Grid Girls and Other Bimbos – Is Motor Racing Sexist?
Author: adminMotor racing has always been a boys’ club. NASCAR, in fact, is often seen as a good old boys’ club. Female drivers are rare, as are women in the pits.
In European racing, however, women are very visible. Generally edited out of American coverage of the races, grid girls stand next to each car. In hot weather or rain they carry umbrellas to shade the drivers. Other than that they stand there and look pretty. They are, of course, models, and unlike cheerleaders, who demonstrate real, hard-earned skill, all they have to do is look good in revealing outfits. This site is too family friendly to discuss some of the outfits that have been seen on recent grids.
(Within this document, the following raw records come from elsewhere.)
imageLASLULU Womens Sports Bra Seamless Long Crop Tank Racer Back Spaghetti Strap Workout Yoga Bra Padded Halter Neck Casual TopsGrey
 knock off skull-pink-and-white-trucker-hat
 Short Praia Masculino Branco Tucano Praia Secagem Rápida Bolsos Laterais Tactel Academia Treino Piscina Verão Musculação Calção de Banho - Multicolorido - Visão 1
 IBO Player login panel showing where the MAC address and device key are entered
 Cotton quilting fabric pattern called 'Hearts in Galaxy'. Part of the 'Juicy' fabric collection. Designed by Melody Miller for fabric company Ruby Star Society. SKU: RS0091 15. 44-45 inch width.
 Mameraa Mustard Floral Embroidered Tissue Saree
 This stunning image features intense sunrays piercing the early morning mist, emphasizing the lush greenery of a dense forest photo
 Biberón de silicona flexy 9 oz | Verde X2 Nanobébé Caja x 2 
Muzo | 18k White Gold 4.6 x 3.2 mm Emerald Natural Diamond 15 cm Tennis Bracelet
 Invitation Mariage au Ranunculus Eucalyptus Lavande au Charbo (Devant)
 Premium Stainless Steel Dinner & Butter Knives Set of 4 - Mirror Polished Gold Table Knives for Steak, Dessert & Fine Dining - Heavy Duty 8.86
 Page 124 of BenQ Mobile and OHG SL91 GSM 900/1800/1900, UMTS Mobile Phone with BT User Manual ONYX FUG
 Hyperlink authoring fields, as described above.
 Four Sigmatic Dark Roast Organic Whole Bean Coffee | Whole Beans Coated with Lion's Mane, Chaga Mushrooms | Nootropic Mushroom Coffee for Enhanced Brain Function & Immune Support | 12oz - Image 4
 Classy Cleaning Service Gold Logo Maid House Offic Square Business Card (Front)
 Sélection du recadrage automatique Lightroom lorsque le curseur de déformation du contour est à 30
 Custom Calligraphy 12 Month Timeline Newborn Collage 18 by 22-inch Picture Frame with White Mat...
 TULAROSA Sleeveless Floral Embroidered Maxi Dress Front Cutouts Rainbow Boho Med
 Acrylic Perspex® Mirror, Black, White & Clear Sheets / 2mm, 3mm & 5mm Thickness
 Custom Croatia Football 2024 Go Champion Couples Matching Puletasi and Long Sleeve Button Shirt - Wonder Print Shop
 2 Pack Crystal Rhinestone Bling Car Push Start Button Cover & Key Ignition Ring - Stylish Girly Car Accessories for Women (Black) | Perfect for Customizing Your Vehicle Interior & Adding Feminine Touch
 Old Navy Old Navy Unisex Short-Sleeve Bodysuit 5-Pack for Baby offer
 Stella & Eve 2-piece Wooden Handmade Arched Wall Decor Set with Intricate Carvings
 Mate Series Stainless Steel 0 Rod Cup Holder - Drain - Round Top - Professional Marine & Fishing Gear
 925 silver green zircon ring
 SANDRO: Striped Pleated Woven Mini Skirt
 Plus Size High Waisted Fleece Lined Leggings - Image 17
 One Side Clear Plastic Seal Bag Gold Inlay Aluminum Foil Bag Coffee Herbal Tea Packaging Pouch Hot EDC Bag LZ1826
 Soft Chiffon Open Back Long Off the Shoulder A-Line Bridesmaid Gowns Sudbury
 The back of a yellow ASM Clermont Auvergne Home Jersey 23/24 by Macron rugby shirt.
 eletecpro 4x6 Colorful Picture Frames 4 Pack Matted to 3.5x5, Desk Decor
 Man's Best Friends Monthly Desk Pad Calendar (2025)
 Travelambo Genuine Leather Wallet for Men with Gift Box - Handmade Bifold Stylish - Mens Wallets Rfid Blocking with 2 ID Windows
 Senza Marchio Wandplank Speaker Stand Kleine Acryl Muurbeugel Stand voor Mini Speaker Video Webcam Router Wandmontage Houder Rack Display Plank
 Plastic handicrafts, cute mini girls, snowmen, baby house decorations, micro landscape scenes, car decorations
These grid girls or grid bimbos are the only women one normally sees associated with Formula One or MotoGP. In the entire history of Formula One, only five women have climbed into a cockpit. Only two of them started a race.
American racing, on the face of it, does a little better. Even non-fans have some clue who Danica Patrick is. Good, right? Except that the reason non-fans know who she is is not her racing ability (competent, but not brilliant), but her pretty face looking out of a Go Daddy ad. One has to suspect Go Daddy sponsors her not because she can drive a race car but because she is hot. She even played a female race car driver on television. She also made the news for chick fighting in the pits with fellow driver (and ex model) Milka Duno. Like all of the female drivers so far, she has been seen as a woman who happens to drive race cars, not a race car driver who happens to be female.
NASCAR has seen, over the years, nineteen female drivers, including Danica Patrick. The greater proportion reflects mostly that there are more NASCAR drivers. As for women behind the scenes…none are seen on pit road, although that would be difficult given the large amount of physical strength required. There are some female engineers, but who even mentions them?
Whether motor racing is truly sexist or not, it certainly appears to be to anyone on the outside. Perhaps, though, all it would take is one really good female driver to start changing the trend.